An Iterative Change-Counting Procedure

… the process is really iterative: Its state is captured completely
by its three state variables, and an interpreter need keep track of
only three variables in order to execute the program.

– SICP (1st ed.), p.33

After much head-scratching and experimentation, I have implemented the following iterative change-counting procedure, which I call `cc-linear` (See also previously, previously):

```(define (cc-linear amt kinds)
(define (cc-linear-aux amount kinds-of-coins count stack)
(cond ((or (= amount 0)
(= kinds-of-coins 1))
(if (null? stack)
(+ count 1)
(let* ((new-amt-pair (car stack))
(new-stack (cdr stack)))
(cc-linear-aux (car new-amt-pair) (cdr new-amt-pair) (+ 1 count) new-stack))))
((or (< amount 0)
(= kinds-of-coins 0))
(if (null? stack)
count
(let ((new-amt-pair (car stack))
(new-stack (cdr stack)))
(cc-linear-aux (car new-amt-pair) (cdr new-amt-pair) count new-stack))))
(else (cc-linear-aux amount
(- kinds-of-coins 1)
count
(cons (cons (- amount (first-denomination kinds-of-coins))
kinds-of-coins)
stack)))))
(cc-linear-aux amt kinds 0 '()))
```

Note that the definition of the `first-denomination` procedure is given in the text, as well as being downloadable from the SICP website.

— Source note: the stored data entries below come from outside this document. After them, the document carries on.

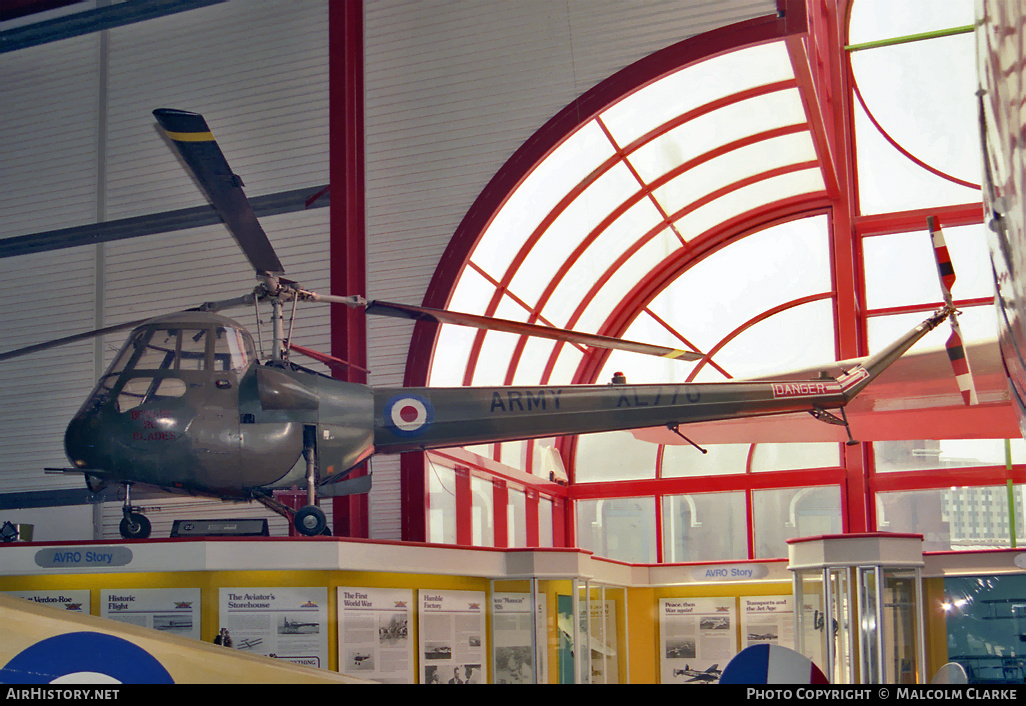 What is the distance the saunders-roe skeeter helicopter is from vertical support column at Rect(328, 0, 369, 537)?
10.3 ft

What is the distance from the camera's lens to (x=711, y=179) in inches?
623

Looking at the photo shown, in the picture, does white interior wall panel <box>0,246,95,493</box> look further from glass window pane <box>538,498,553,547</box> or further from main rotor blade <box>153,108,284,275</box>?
glass window pane <box>538,498,553,547</box>

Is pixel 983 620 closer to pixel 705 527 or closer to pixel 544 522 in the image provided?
pixel 705 527

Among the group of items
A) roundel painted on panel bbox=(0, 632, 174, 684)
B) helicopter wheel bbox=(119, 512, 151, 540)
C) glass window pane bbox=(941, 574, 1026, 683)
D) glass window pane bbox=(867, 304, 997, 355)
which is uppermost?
glass window pane bbox=(867, 304, 997, 355)

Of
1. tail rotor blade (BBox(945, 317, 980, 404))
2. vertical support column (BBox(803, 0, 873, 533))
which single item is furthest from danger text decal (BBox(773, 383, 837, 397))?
vertical support column (BBox(803, 0, 873, 533))

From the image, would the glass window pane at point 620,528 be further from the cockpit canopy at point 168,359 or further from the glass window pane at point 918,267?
the cockpit canopy at point 168,359

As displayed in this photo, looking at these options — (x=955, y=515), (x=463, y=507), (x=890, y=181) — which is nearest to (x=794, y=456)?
(x=955, y=515)

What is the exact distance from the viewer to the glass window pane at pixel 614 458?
1770 centimetres

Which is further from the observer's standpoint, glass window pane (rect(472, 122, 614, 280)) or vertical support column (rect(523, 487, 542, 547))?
vertical support column (rect(523, 487, 542, 547))

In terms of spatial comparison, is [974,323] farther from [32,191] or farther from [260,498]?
[32,191]

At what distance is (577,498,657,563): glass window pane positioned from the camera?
1761 centimetres

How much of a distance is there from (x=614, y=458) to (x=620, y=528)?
4.47ft

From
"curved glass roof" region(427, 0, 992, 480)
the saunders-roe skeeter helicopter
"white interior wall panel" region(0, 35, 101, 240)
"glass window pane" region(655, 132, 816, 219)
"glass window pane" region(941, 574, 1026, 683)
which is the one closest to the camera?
the saunders-roe skeeter helicopter

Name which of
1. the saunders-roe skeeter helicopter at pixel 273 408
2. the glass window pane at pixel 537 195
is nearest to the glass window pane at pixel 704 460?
the glass window pane at pixel 537 195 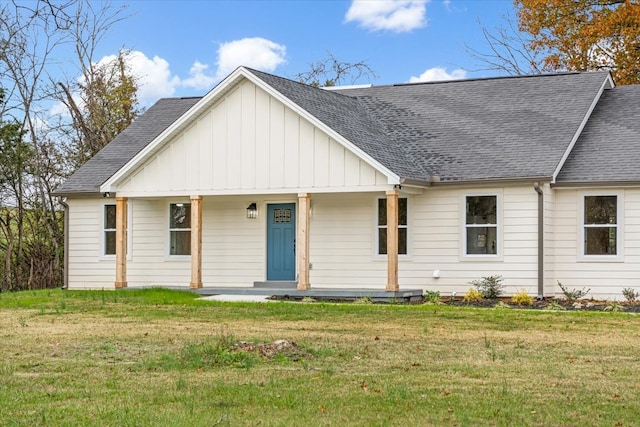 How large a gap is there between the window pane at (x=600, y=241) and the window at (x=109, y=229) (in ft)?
39.4

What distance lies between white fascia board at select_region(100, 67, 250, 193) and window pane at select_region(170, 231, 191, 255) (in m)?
2.34

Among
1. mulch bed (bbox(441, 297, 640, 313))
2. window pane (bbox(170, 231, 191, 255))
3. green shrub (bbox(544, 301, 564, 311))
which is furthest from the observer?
window pane (bbox(170, 231, 191, 255))

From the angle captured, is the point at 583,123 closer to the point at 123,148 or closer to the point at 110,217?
the point at 110,217

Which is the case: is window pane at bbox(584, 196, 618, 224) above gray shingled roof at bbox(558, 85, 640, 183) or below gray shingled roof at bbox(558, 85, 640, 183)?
below

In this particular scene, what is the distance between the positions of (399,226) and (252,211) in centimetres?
383

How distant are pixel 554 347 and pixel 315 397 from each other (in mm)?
5045

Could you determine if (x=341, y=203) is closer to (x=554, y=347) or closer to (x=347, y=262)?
(x=347, y=262)

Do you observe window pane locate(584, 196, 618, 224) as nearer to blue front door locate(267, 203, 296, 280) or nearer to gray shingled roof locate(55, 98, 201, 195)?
blue front door locate(267, 203, 296, 280)

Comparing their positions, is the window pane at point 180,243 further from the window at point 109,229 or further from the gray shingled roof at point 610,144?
the gray shingled roof at point 610,144

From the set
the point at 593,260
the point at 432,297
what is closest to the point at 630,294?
the point at 593,260

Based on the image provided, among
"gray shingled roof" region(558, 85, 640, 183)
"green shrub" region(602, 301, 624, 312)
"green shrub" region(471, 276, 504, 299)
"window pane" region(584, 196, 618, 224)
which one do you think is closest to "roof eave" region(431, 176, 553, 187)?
"gray shingled roof" region(558, 85, 640, 183)

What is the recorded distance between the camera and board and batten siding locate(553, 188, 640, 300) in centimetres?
2202

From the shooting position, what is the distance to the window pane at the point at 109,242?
2706 centimetres

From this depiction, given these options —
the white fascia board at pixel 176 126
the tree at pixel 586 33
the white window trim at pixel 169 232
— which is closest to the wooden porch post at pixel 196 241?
the white fascia board at pixel 176 126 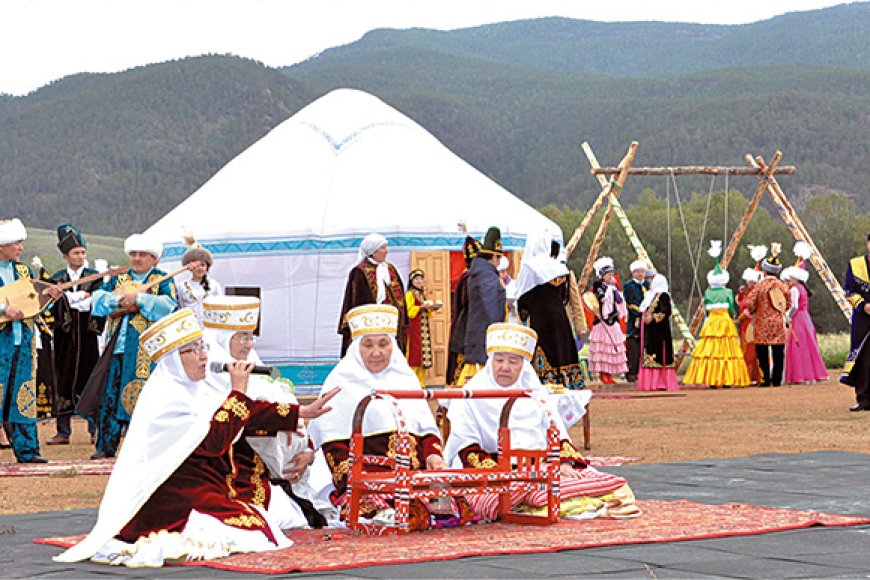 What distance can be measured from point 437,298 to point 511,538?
11395mm

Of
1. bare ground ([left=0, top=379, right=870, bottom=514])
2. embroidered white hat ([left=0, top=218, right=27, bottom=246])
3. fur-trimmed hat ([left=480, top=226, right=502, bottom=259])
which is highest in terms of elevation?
embroidered white hat ([left=0, top=218, right=27, bottom=246])

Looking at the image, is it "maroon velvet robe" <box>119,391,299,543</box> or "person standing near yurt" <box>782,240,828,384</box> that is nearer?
"maroon velvet robe" <box>119,391,299,543</box>

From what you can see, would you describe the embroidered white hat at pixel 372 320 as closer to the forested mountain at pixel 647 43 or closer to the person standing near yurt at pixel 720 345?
the person standing near yurt at pixel 720 345

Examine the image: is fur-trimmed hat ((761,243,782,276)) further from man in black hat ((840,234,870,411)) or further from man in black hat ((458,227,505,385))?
man in black hat ((458,227,505,385))

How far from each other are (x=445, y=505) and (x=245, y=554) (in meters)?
1.06

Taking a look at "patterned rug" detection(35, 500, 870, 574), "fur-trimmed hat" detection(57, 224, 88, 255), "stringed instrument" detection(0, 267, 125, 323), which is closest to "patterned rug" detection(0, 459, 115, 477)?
"stringed instrument" detection(0, 267, 125, 323)

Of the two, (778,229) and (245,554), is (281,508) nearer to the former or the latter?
(245,554)

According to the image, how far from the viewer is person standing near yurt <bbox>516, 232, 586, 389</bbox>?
9750mm

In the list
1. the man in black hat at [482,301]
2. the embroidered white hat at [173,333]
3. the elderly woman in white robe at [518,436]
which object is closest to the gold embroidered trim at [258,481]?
the embroidered white hat at [173,333]

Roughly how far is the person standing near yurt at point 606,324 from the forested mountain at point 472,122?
4900 centimetres

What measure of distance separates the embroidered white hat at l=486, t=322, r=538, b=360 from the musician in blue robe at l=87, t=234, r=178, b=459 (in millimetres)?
3479

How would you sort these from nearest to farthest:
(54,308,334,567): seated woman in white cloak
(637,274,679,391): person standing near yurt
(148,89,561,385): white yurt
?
(54,308,334,567): seated woman in white cloak
(637,274,679,391): person standing near yurt
(148,89,561,385): white yurt

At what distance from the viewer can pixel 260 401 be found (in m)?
5.50

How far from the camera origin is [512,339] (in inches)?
253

This procedure returns the correct answer. There are a few issues with it, however:

• It uses `cons`, `let*`, `car`, `cdr`, and `null?`, none of which are available to the student at this point in the text.
• It simulates a stack by passing the list of delayed computations as an argument to subsequent invocations of itself. This means that it doesn’t generate a “linear iterative” process, since the amount of space used is not constant.

As for the use of `car`, `cdr`, and friends, I’m willing to let it pass since I still learned a lot by forcing myself to think in terms of iterating via recursive procedure calls.

As far as the shape of the process being generated is concerned, it can be described as “resembling linear recursion”. In the course of implementing this solution I wrote out the following simulation by hand of changing \$0.12 using only two kinds of coins, a nickel and a penny.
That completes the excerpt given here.